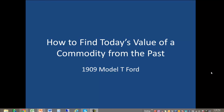This is Joanna Short from Augustana College. Today we're going to use Measuring Worth to show how to find today's value of a commodity from the past. As an example, we'll use the price of a 1909 Model T Ford. This is the same example as I used in Tutorial 1, which you can find on MeasuringWorth.com.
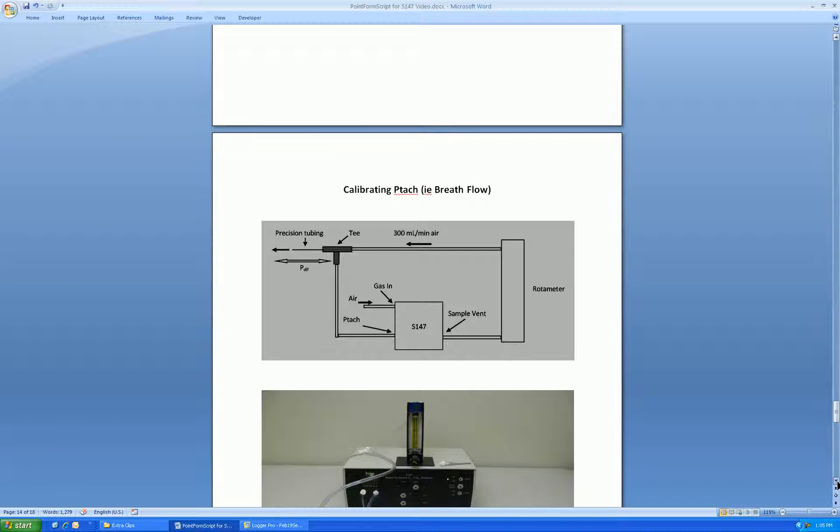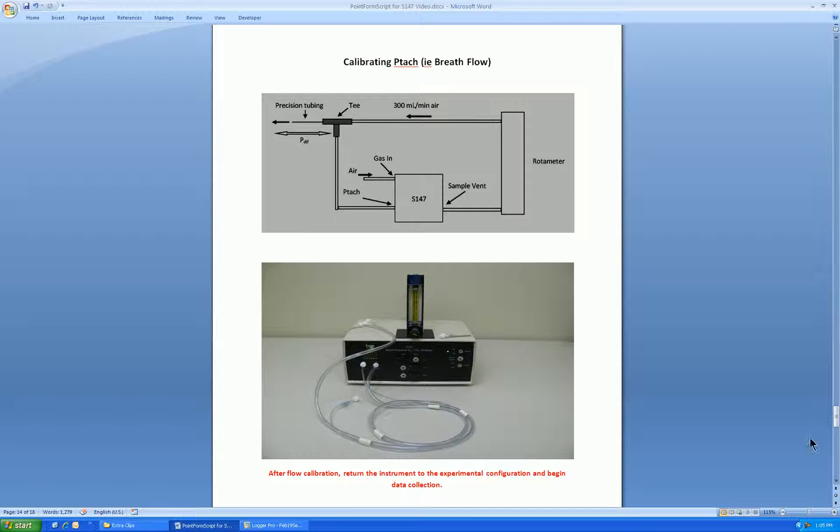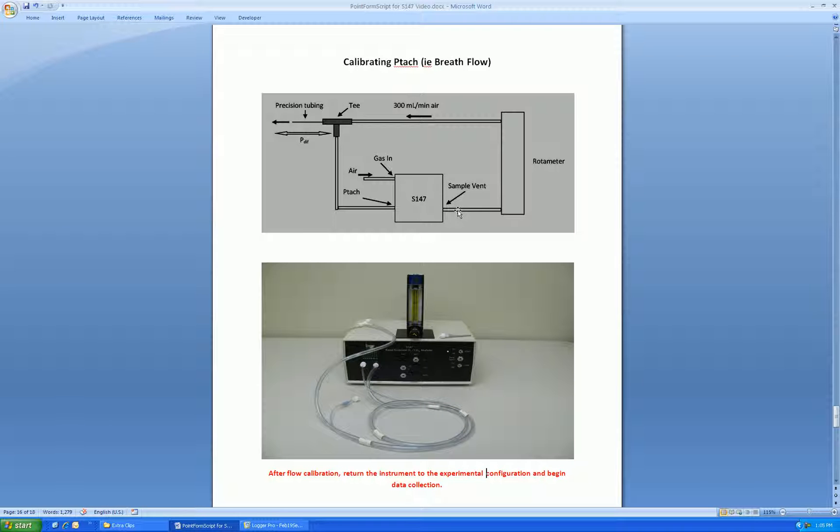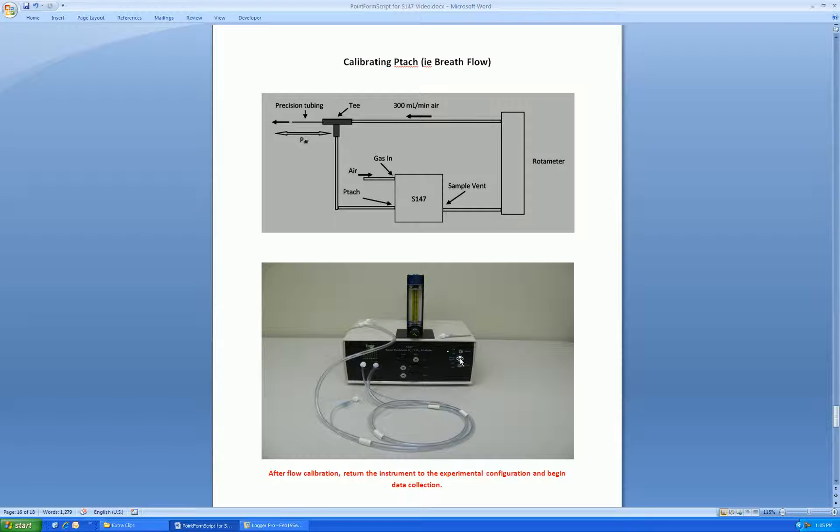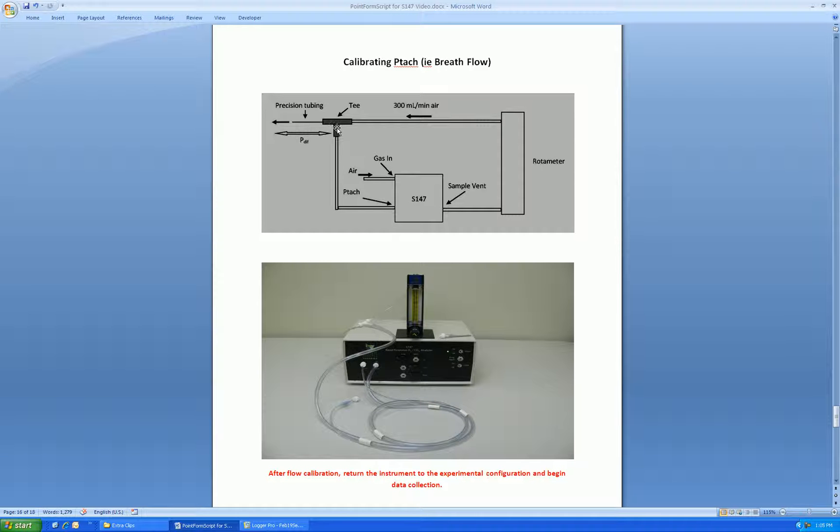So here is the setup for calibrating flow. We use the sample exhaust as a convenient means of a fixed flow, ensuring that the flow is 300 mils per minute. If not, adjust the pump speed to obtain 300 mils per minute on the rotometer. Use that 300 mils per minute into the supplied T with the precision tubing to create a small differential pressure across the tubing. The bottom of the T is connected to the PTAC tube, the large tube, and connected to the S147 to measure that differential pressure, and thereby calibrate.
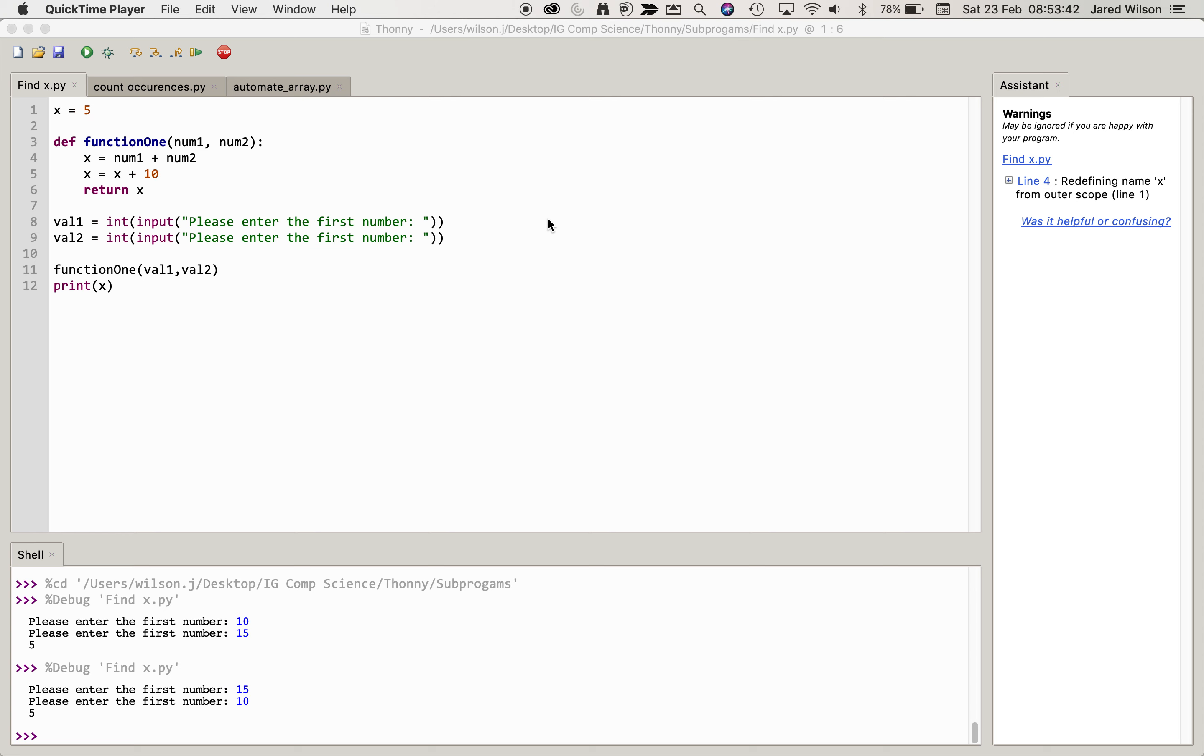So I'm going to show you briefly how functions work and talk you through why when we run this function it doesn't return, or sorry, it doesn't print the x that we get from the function.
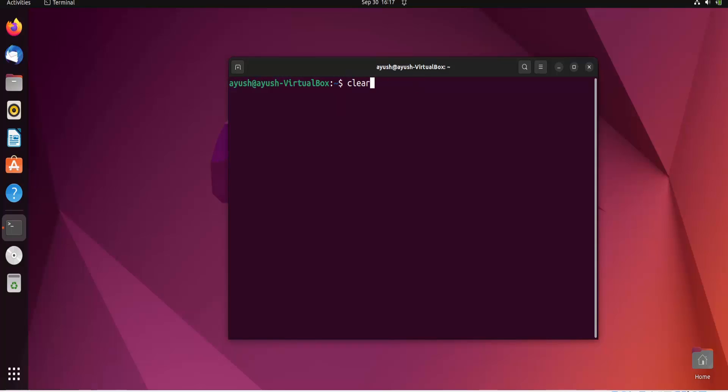Sometimes we get an error in a particular line of code, so in this case it's useful to debug that error.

■ **Task requirements**
All of the data above should be transcribed verbatim, with pictures omitted.

■ **Result of this exercise**
This is Joanna Short from Augustana College. Today we're going to use Measuring Worth to show how to find today's value of a commodity from the past. As an example, we'll use the price of a 1909 Model T Ford. This is the same example as I used in Tutorial 1, which you can find on MeasuringWorth.com.
So here is the setup for calibrating flow. We use the sample exhaust as a convenient means of a fixed flow, ensuring that the flow is 300 mils per minute. If not, adjust the pump speed to obtain 300 mils per minute on the rotometer. Use that 300 mils per minute into the supplied T with the precision tubing to create a small differential pressure across the tubing. The bottom of the T is connected to the PTAC tube, the large tube, and connected to the S147 to measure that differential pressure, and thereby calibrate.
So I'm going to show you briefly how functions work and talk you through why when we run this function it doesn't return, or sorry, it doesn't print the x that we get from the function.
Sometimes we get an error in a particular line of code, so in this case it's useful to debug that error.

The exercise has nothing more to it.